Robustness Analysis of Bayesian Networks with Local Convex Sets of Distributions

TL;DR

This paper develops methods for robust Bayesian inference in Bayesian networks by using local convex sets of distributions, enabling efficient computation of posterior bounds under model perturbations.

Contribution

It introduces two approaches for combining local models—linear programming and interior-point methods—to compute posterior bounds in robust Bayesian inference.

Findings

Linear programming reduces robust inference to a tractable problem.

Interior-point methods effectively generate posterior bounds and approximations.

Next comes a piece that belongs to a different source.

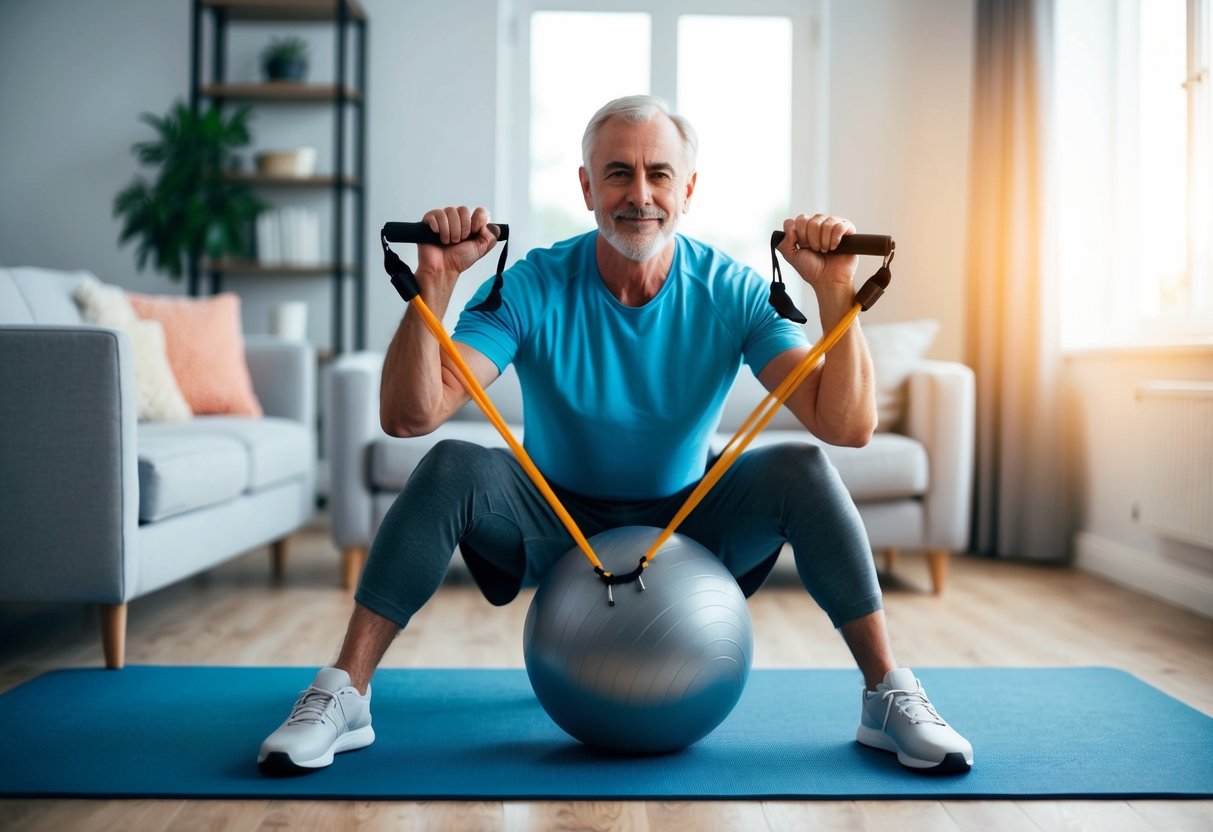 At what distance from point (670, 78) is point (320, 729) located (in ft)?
12.0

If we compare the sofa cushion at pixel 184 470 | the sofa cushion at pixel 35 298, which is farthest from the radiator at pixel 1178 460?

Methods extend to bounds on expected utilities and variances.

Abstract

Robust Bayesian inference is the calculation of posterior probability bounds given perturbations in a probabilistic model. This paper focuses on perturbations that can be expressed locally in Bayesian networks through convex sets of distributions. Two approaches for combination of local models are considered. The first approach takes the largest set of joint distributions that is compatible with the local sets of distributions; we show how to reduce this type of robust inference to a linear programming problem. The second approach takes the convex hull of joint distributions generated from the local sets of distributions; we demonstrate how to apply interior-point optimization methods to generate posterior bounds and how to generate approximations that are guaranteed to converge to correct posterior bounds. We also discuss calculation of bounds for expected utilities and variances, and global perturbation models.